The combined volume of the three boxes is 532 cubic inches. Let's call the volume of the largest box V1, the volume of the medium box V2, and the volume of the smallest box V3.
We know that V1 + V2 + V3 = 532. This is because the combined volume of the three boxes is given as 532 cubic inches.
The area of one face of the largest box is 49 square inches. Since the boxes are rectangular, let's call the length, width, and height of the largest box L1, W1, and H1 respectively.
The area of one face of the largest box is equal to the length multiplied by the width, which is L1 * W1. We are given that this area is 49 square inches, so we have L1 * W1 = 49.
The volume of the medium box is 218 cubic inches less than the volume of the largest box. This means that V2 = V1 - 218.
Now, let's solve these equations to find the values of V1, V2, and V3.
From L1 * W1 = 49, we can see that the length and width of the largest box could be any two numbers that multiply to give 49. For example, if the length is 7 inches and the width is 7 inches, the area would be 7 * 7 = 49 square inches.
Using V2 = V1 - 218, we can substitute V1 - 218 in place of V2 in the equation V1 + V2 + V3 = 532. This gives us V1 + (V1 - 218) + V3 = 532.
Simplifying this equation, we have 2V1 + V3 = 750.

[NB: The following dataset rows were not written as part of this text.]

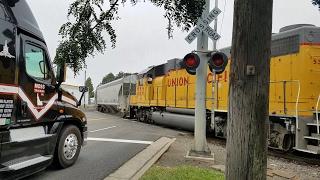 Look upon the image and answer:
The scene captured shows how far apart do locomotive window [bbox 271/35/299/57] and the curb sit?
466 cm

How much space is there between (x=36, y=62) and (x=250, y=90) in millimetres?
5335

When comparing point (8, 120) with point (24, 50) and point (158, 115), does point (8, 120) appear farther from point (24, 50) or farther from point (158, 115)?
point (158, 115)

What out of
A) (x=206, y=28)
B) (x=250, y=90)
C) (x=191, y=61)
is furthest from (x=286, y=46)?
(x=250, y=90)

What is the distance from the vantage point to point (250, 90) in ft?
13.0

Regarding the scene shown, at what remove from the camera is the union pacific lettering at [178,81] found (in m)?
21.1

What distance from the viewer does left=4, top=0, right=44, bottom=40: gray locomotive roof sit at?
24.1 ft

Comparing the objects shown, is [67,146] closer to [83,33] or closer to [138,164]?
[138,164]

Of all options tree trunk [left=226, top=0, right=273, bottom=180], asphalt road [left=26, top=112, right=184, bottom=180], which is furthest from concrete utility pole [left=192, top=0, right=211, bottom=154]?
tree trunk [left=226, top=0, right=273, bottom=180]

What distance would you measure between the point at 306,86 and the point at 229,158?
370 inches

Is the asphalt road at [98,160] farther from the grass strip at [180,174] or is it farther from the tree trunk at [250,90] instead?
the tree trunk at [250,90]

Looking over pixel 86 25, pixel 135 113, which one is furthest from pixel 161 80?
pixel 86 25

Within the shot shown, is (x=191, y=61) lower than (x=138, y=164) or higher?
higher

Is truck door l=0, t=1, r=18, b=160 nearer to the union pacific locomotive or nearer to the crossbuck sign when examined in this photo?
the crossbuck sign

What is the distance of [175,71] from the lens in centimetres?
2272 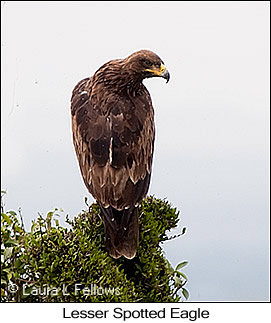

Since we don't have enough information to solve for specific values of V1 and V3, there are multiple solutions to this problem.
For example, if we let V1 = 350 and V3 = 100, then V2 = V1 - 218 = 350 - 218 = 132.
Another solution could be V1 = 400, V3 = 100, and V2 = V1 - 218 = 400 - 218 = 182.
In conclusion, the problem allows for multiple solutions based on the given information. The specific values of V1, V2, and V3 depend on the lengths, widths, and heights of the boxes, which are not provided in the question.